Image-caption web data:
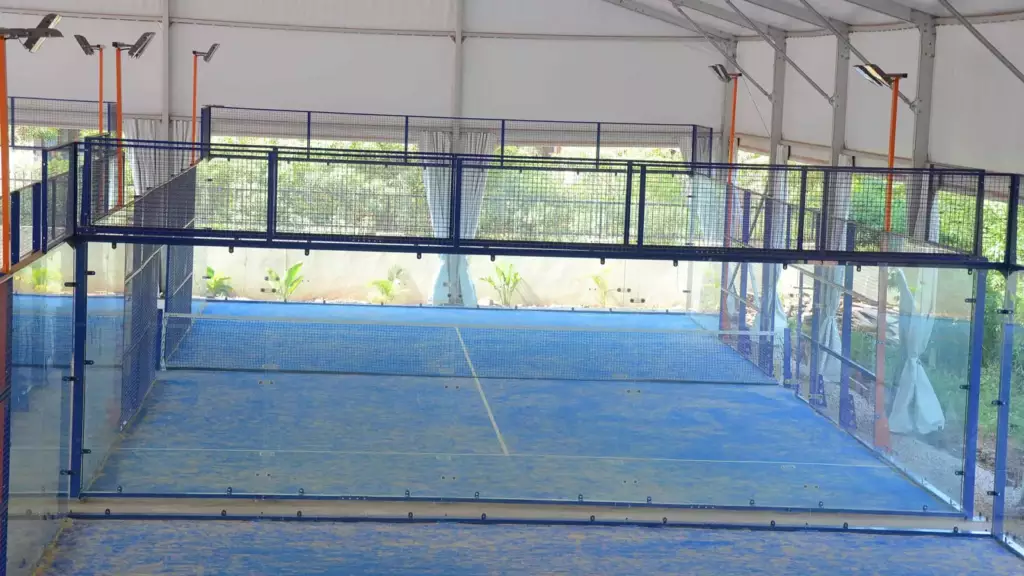 Terrain de padel couvert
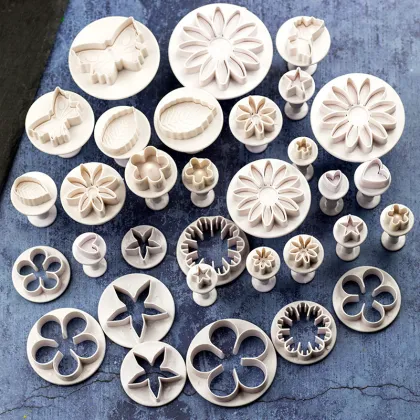 Custom Bakeware Cake Cookie Decoration Tools Set: Halloween Christmas Plastic Cookie Cutters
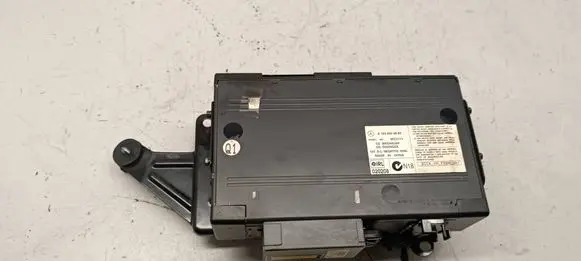 Mercedes-Benz ML W163 CD/DVD changer A1638203889 MC3111 020208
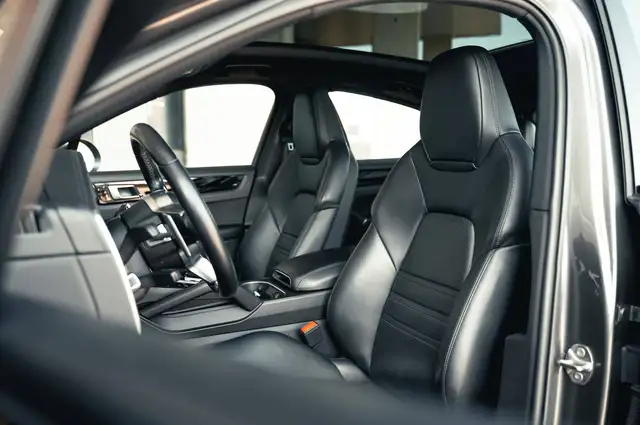 Porsche Cayenne view 7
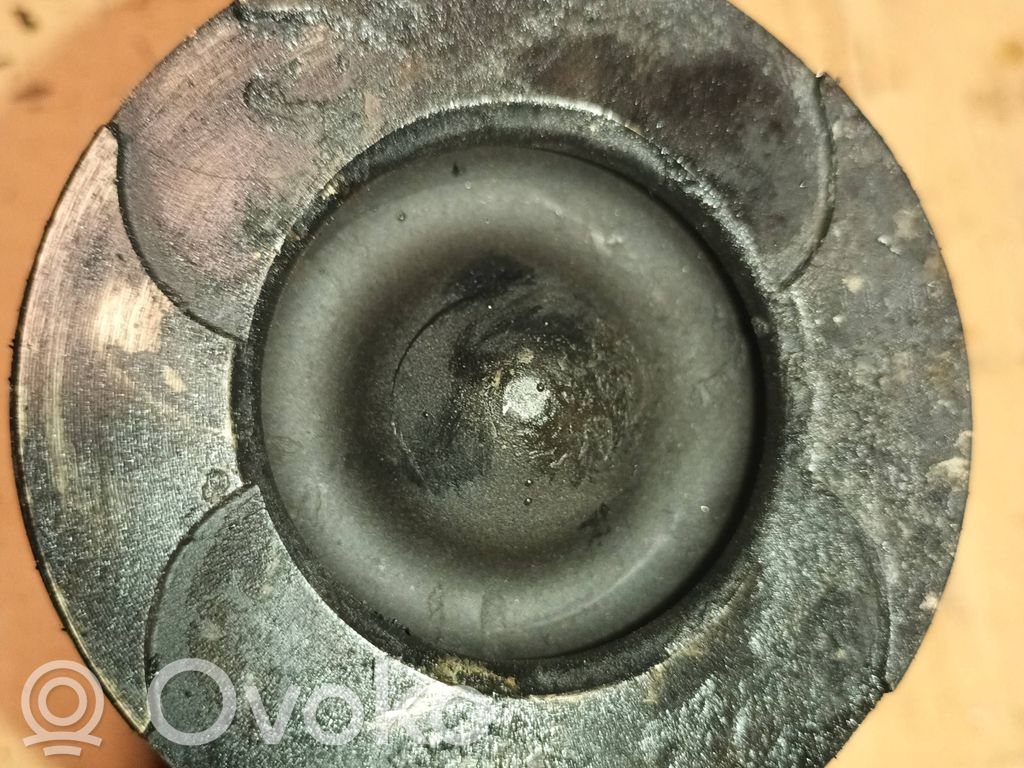 Renault Master II Piston 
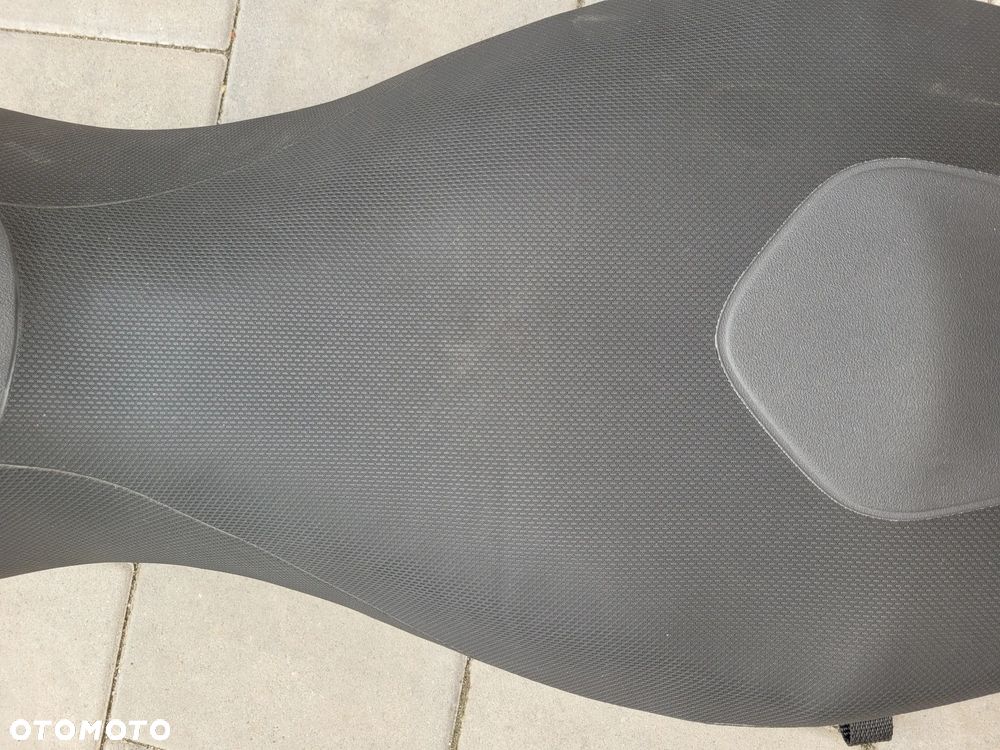 Kanapa, fotel, siedzenie Suzuki Gladius 650 - 5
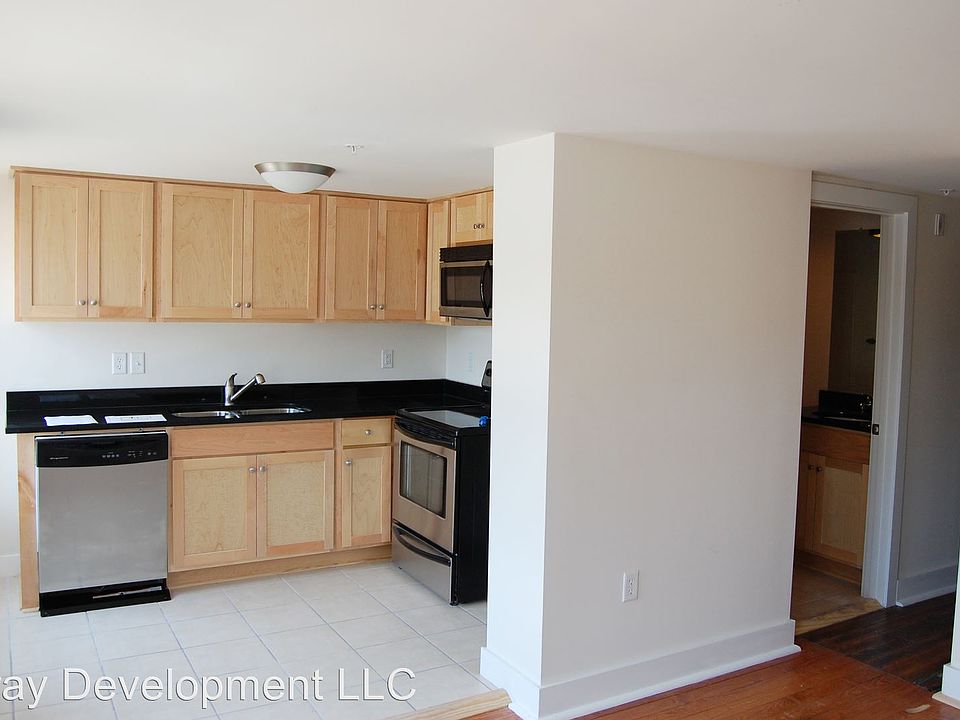 2nd image of 8 W Broad St #3853533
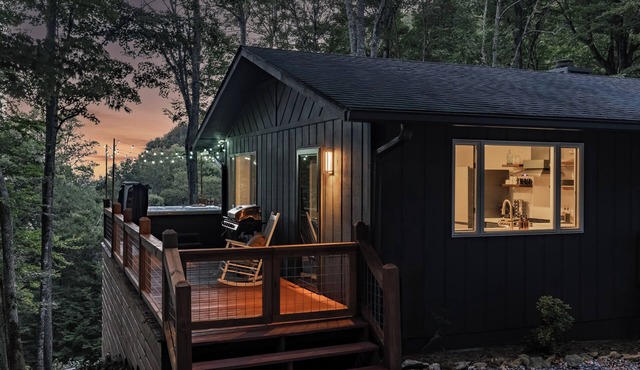 Mtn Escape w/Hot Tub, Firepit, Hiking , Long Range Views Near Asheville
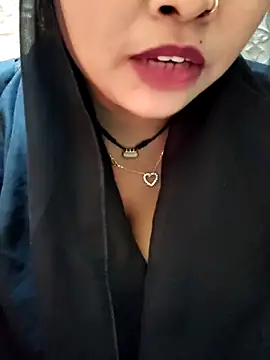 Indian-Nazia's cam snapshot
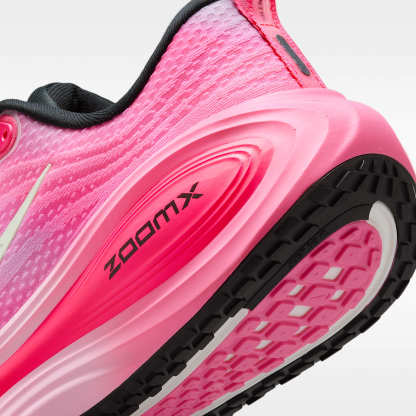Nike Vomero Plus Straßenlaufschuh (Damen) – Pearl Pink/Pink Glow/Hyper Pink/Summit White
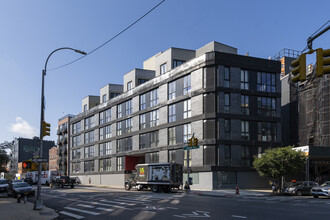 385 Union in Brooklyn, NY - Building Photo - Primary Photo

» What you should do
From the line containing "Custom Bakeware Cake" to the last line of the records above, return each line exactly, both ends included, and nothing more. Leave out the pictures.

» Task answer
 Custom Bakeware Cake Cookie Decoration Tools Set: Halloween Christmas Plastic Cookie Cutters
 Mercedes-Benz ML W163 CD/DVD changer A1638203889 MC3111 020208
 Porsche Cayenne view 7
 Renault Master II Piston 
 Kanapa, fotel, siedzenie Suzuki Gladius 650 - 5
 2nd image of 8 W Broad St #3853533
 Mtn Escape w/Hot Tub, Firepit, Hiking , Long Range Views Near Asheville
 Indian-Nazia's cam snapshot
Nike Vomero Plus Straßenlaufschuh (Damen) – Pearl Pink/Pink Glow/Hyper Pink/Summit White
 385 Union in Brooklyn, NY - Building Photo - Primary Photo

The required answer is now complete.